Wednesday, July 27, 2011

Summer DAZE

Summer is my favorite season of the year. Another one has come and is nearly over, due to the fact that school is starting in a few months.

I miss spending time with you Alyssa, I know you have had a great summer. I saw a few glimpses of you from the PALI DVD's Trent brought home. You are beautiful! I miss you so much. I hope you know how proud I am of you, you are becoming such a beautiful young woman, I hope one day I get to know you, I hope its soon, I pray that it's very soon. I've gone through the last few years and look back and wonder how I have gotten through it. It's as though I've just been in a Daze. The only explanation I have, as to how I have gotten through it, is through the Grace and mercy of Jesus. His promise that our hard times in this life time are not permanent, and they are for a reason. I often wonder what that reason is, I question him, I question me. We all blame ourselves for this situation. I realize that this is happening and its real but I cannot believe for a minute, that this is permanent.

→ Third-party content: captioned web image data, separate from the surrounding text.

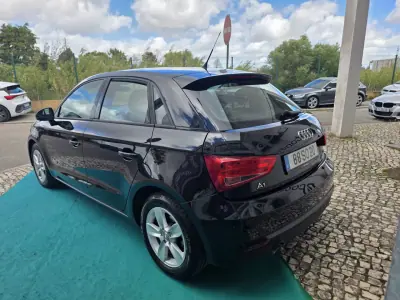Audi A1 Sportback 2017 - 14950 EUR, 69000 km - AUTO.MOTO.pt - 69000km - foto 4 de 10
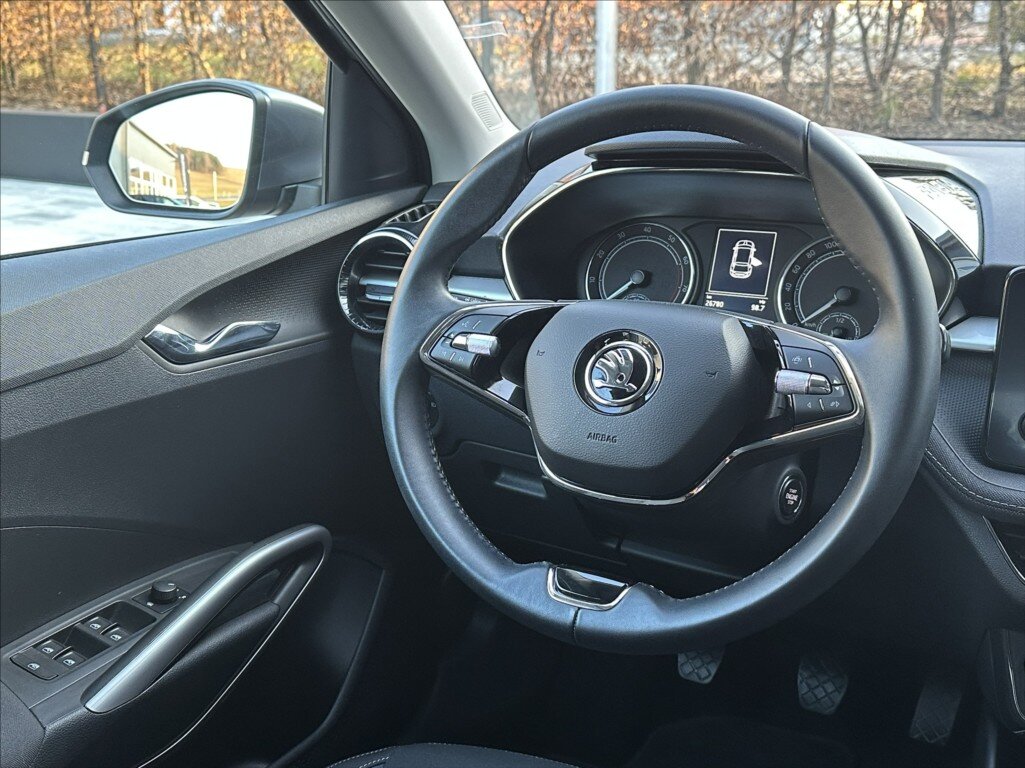 Škoda Fabia Hatchback 999,0 70 kw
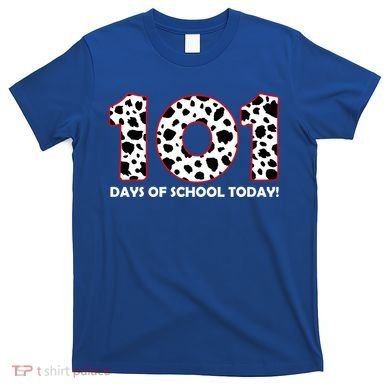101 Days Of School T-Shirt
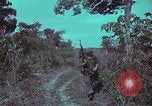 Image of 1st Battalion of 173rd Airborne Brigade Vietnam, 1965, second 11 stock footage video 65675022715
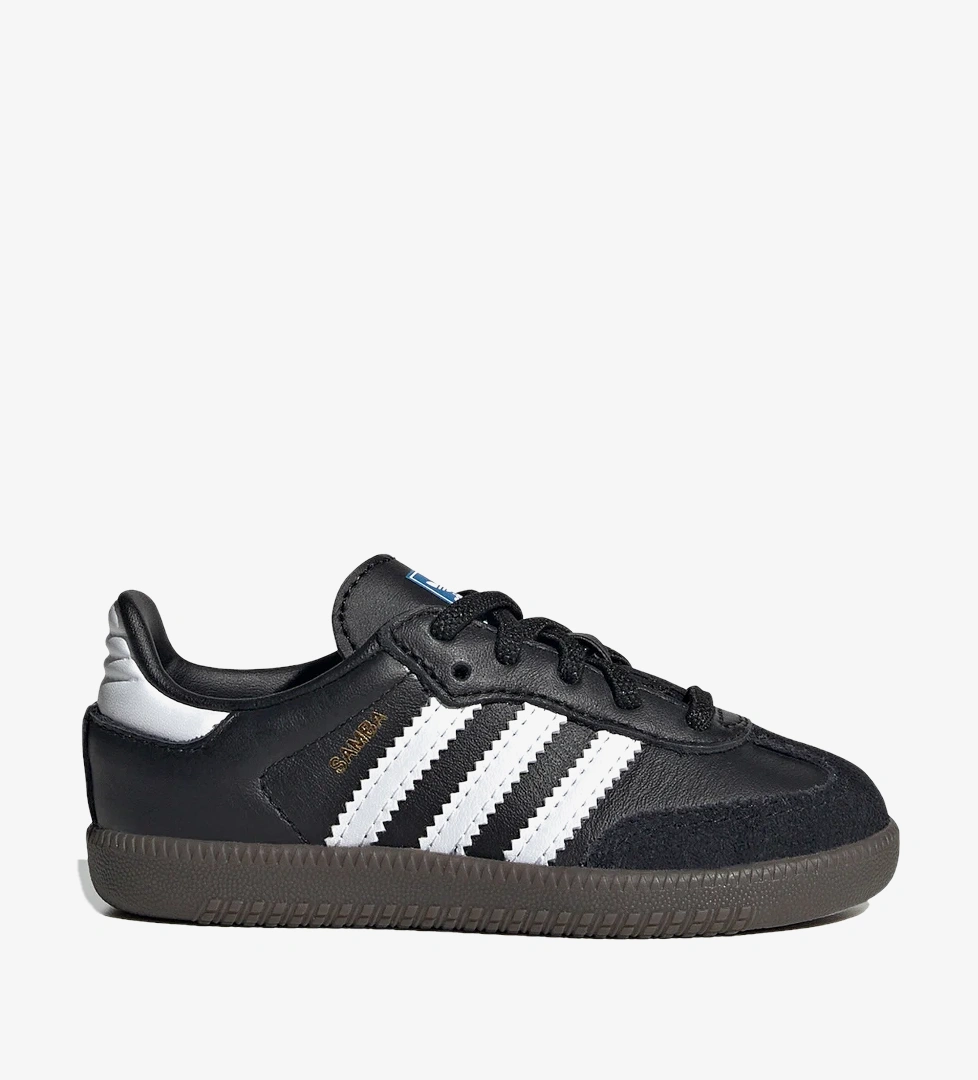 Adidas Siyah Adidas Samba OG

Have a wonderful summer Alyssa, I hope to hear from you soon, real soon!
xoxoxo
Your MOM

Sunday, July 3, 2011

I miss you

Alyssa

Today is the Sunday before 4th of July and I'm cleaning windows
I step into your room to get those window's cleaned
I often wonder how you would like the room, it has a great view of our pool
it has your surfer girl poster and its a beach themed room
I love it in there. I go in there daily to get dressed, as I use that closet for my clothes.
I think about how things would be if you were living in that room
I miss you so much
I just wanted to get these thoughts down right now. I think of you everyday, please don't think that a day goes by where I dont think of you in one way or another.
I don't blog everyday because it makes me sad, but I do it when I want to feel close to you and let you know how I am feeling. Not to say that is not everyday but other days it more than I can bear so I resort to the Diary.

I love you so much and I miss you so much it hurts my heart to let these feelings come to surface
I hope you come home soon, I cannot wait until that day
I dream of it often. I pray for it always and I am looking forward to the day when I can hug you again and tell you I am sorry and that no matter what's happened I never have and never will stop loving you.

I hope you are having fun at Pali and that your summer is wonderful.
Until my next blog.

xoxoxoxoxox
Your Mom

Faith over Fear

Since my last post, I have flown 3000 miles across the US to see my son. He had no idea I was coming, but I still went to try to get his att...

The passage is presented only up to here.